First of all, let’s talk about the immediate benefits….

When you contribute to your GPP, you’re effectively giving yourself a pay rise. How? Depending on your employer, it could be that your contributions are made from your gross salary before tax is deducted. This could mean that you’re paying less income tax overall.

But it gets better. Many employers offer to match your contributions up to a certain percentage. This is essentially free money. If you’re not taking full advantage of this, you’re leaving money on the table.

There’s also the long-term view to consider. Pensions are designed for long-term growth, and the power of compound interest over decades can be substantial. The earlier you start and the more you contribute, the greater the potential for your pension pot to grow.

Let’s not forget about the annual allowance. Each tax year, you can contribute up to £50,000 or 100% of your earnings* (whichever is lower) to your pension while still receiving tax relief. This is a significant opportunity for tax-efficient saving.

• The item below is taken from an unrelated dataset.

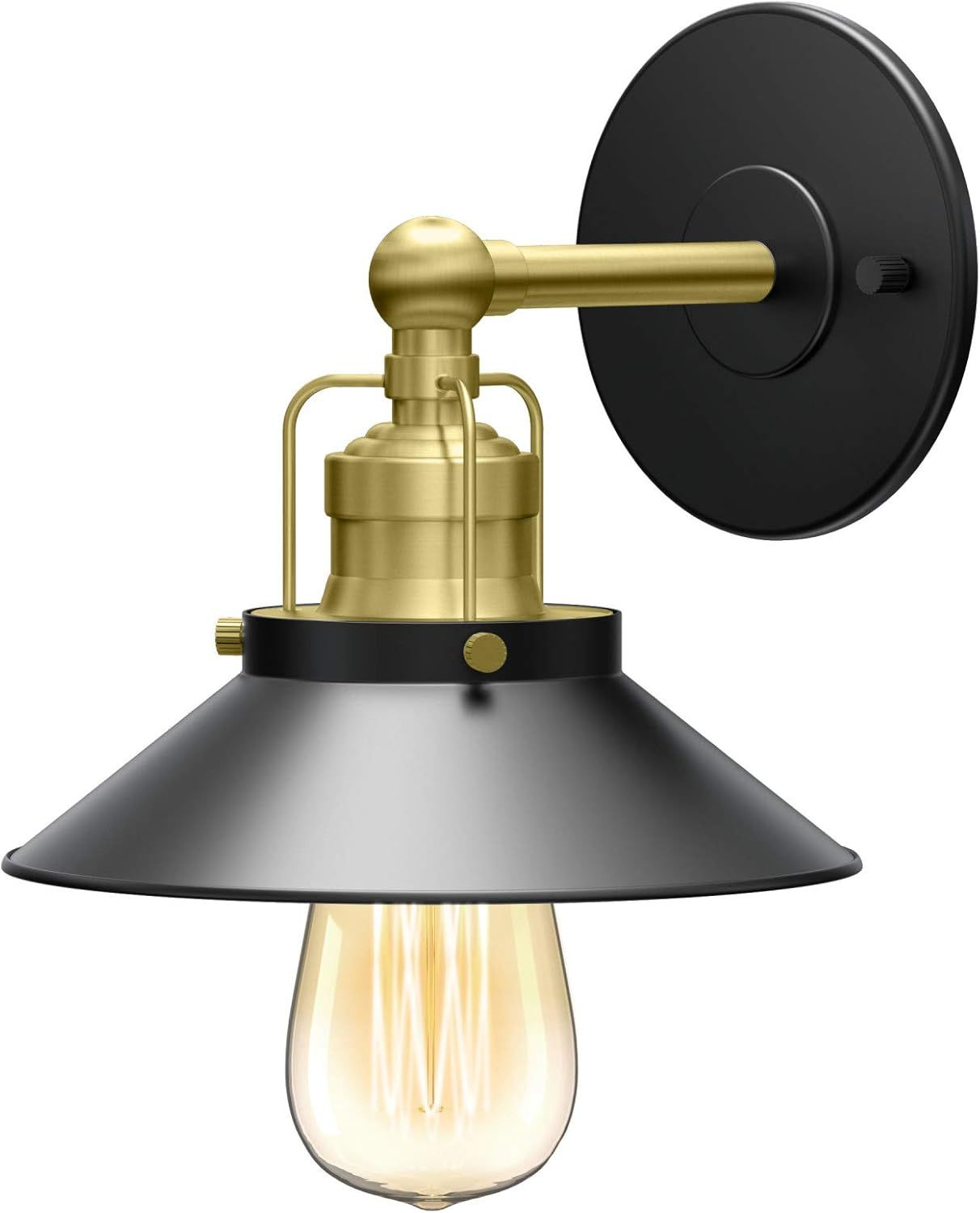 Classic Monster Matte Black/Brushed Brass Bathroom Wall Sconce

Of course, everyone’s financial situation is unique. The amount you should save into your GPP depends on various factors, including your income, and retirement goals. It’s always wise to review your pension strategy regularly with your financial adviser to ensure it aligns with your overall financial plan.

To help guide that conversation, here are some useful questions that you might want to ask your Financial Adviser:

 

  • How much should I be contributing to my GPP based on my current income and retirement goals?
  • Am I taking full advantage of the employer contribution match?
  • How does pension tax relief work for me personally?
  • What happens to my pension if I change jobs or stop contributing?
  • How is my pension invested, and can I change the investment strategy?
  • Am I on track to meet my retirement goals?
  • Are there other savings or investment options I should consider alongside my GPP?
  • Could I benefit from consolidating other pensions into my GPP?
  • What happens if I exceed my pension allowance?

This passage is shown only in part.